Etrange année 2018, en tout cas jusqu’à la fin octobre : la diversification, mère de prudence, a été très pénalisante ! ” Pour signer une bonne performance, il fallait un portefeuille concentré en valeurs technologiques américaines et en dollars. Avec les actions européennes et celles des pays émergents, on est dans le rouge, constate Dominique Marchese, head of equities chez Pure Capital, gestionnaire d’actifs indépendant établi au Luxembourg. Mais dans la mesure où les éléments fondamentaux restent bons, la correction d’octobre est une occasion d’acheter des actions vraiment bon marché, qui offriront de belles performances à long terme. ”

Après deux décennies décevantes…

Le ” long terme récent “, soit les 20 dernières années, ne fut globalement guère emballant. ” Les actions ont rapporté environ 5 % par an en moyenne, contre 4 % pour les obligations, observe notre interlocuteur. L’investisseur n’a donc pas été rémunéré pour le risque pris. Situation anormale, bien sûr, en raison de l’action des banques centrales. C’est pourquoi, avec des taux d’intérêt à présent inscrits à la hausse, les obligations ne pourront pas réitérer cette performance, que du contraire. ” A l’inverse, la surperformance des actions devrait dès lors être très supérieure. Surtout sur la base des cours actuels.

Dans les marchés émergents, qui ont subi une baisse sensible et globale depuis le début de l’année, on observe aujourd’hui des valorisations fort attrayantes, aussi vrai que les fondamentaux y restent positifs et que c’est toujours cette partie du monde qui affiche la plus forte croissance. Un bémol : la Chine, qui suscite des craintes à intervalles réguliers, à cause du niveau très élevé de l’endettement. Mais est-ce un danger majeur ? Dominique Marchese ne le pense pas : ” Ce problème est géré par les grandes banques, qui sont aux mains de l’Etat. Ce dernier fera évidemment tout pour que les choses se passent bien. Le remboursement des dettes n’est pas un problème aussi longtemps que la croissance reste soutenue. Or, avec 6,5 %, c’est bien le cas ! ”

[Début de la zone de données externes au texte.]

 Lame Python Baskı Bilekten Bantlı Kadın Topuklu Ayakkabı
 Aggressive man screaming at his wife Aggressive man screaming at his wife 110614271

Même si l’on ergote régulièrement sur un recul de quelques dixièmes. Pure Capital a dès lors renforcé ses portefeuilles en valeurs émergentes, du moins en Asie. Ce continent a en effet subi des retraits de capitaux aveugles, alors qu’il ne présentait pas les mêmes incertitudes que d’autres zones émergentes.

Les bénéfices grimpent enfin en Europe

” Le constructeur automobile Daimler se paie six fois ses bénéfices. Absurde ! “, juge Dominique Marchese, ” head of equities ” chez Pure Capital.© PG

Le Vieux Continent a également été snobé ces derniers mois, ce qui explique le repli des indices boursiers déjà bien avant la correction d’octobre. ” Ce recul des Bourses européennes est d’autant plus décevant que l’année 2018 est marquée par une croissance des bénéfices de l’ordre de 10 %, très supérieure à celle des années précédentes, observe le responsable actions de Pure Capital. Bien sûr, les Etats-Unis affichent le double, grâce à la réforme fiscale. Mais on sait que c’est un one shot. Pour 2019, les attentes actuelles sont d’ailleurs du même ordre de part et d’autre de l’Atlantique, soit quelque 10 %. ” A ses yeux, la valorisation beaucoup plus élevée des actions américaines ne se justifie pas. Certains l’expliquent par les valeurs technologiques de forte croissance, qui représentent un quart du marché américain et pas grand-chose en Europe. Ce n’est pas faux, mais ce n’est pas suffisant. D’autant que la situation évolue dans un sens favorable à l’Europe, observe-t-il : ” On y relève ces dernières années une franche amélioration des marges bénéficiaires et de la rentabilité des fonds propres, alors qu’elles stagnent au contraire aux Etats-Unis. Or, ceci n’est absolument pas pris en compte par les marchés. ”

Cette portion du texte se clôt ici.